= Magie Faure-Vidot =

Seychellois poet

Magie Faure-Vidot (also known as Mrs. Maggie Vijay-Kumar or Magic Mags) is a French-language poet from the Seychelles who has also published work in English and Seychellois Creole. She is regional director for East Africa and Asia at the writers forum, Motivational Strips. She is also a member of the Institut Académique de Paris and the Académie Internationale de Lutèce. She has received prizes including the Coupe de la Ville de Paris, a Lyre d'honneur, and medals in various international literary competitions. Her work has been discussed in critical studies of Seychellois literature, and she has gained recognition as an oral performer. Her work has been featured at national and international poetry and literary festivals.

==Life and career==

Magie Faure-Vidot was born in Victoria, Seychelles, and has lived in Lebanon, England, Italy, and France. In the Seychelles, Faure-Vidot co-founded the online literary review Vents Alizés and the online publishing house Edisyon Losean Endyen, both of which she runs with Hungarian poet Károly Sándor Pallai. She has published her work in Seychelles Nation and The People, and she is the chief editor and director of publication of Sipay, the only Seychellois International literary magazine. Faure-Vidot is heavily engaged in the cultural life of her country, and she has shown her work at exhibitions of art by local women. Her poems were published in the international poetry anthology Amaravati Poetic Prism in India. In 2017, 2018, and 2019, she received the Seychelles Arts Award in literature for her literary work.

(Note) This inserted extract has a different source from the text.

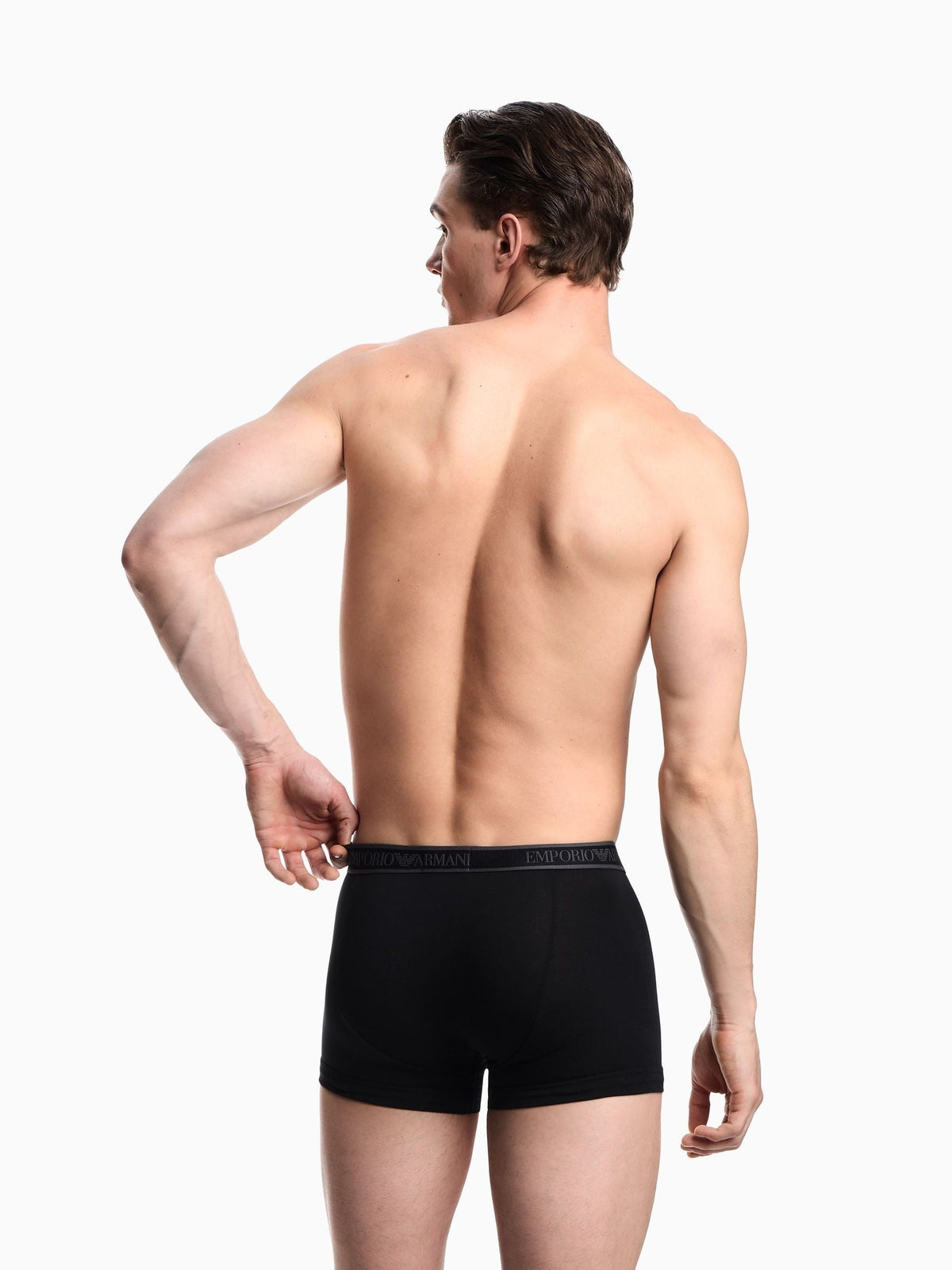 Dsiney Kidz - Emporio Armani Grey/Black Grey/Black Boxers 3 Pack image 3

She is a member of the World Nations Writers Union (WNWU) in Kazakhstan, and is a regional director and a board member of the Motivational Strips, an international writers forum.

==Works==
- Whispers of Souls/Murmures des âmes by Les Éditions du Net, France, 2020.
- The Enchanting Rebirth/ Une Renaissance Magique, Arthee Editions 2019.
- L'Oasis des mots, Victoria, Edisyon Losean Endyen, 2016.
- Rêves créoles, Victoria, Edisyon Losean Endyen, 2012.
- Flamme mystique, Victoria, Yaw Enterprises, 2011.
- L'âme errante, Victoria, Printec Press Holdings, 2003.
- Un grand cœur triste, Paris, La Pensée Universelle, 1984.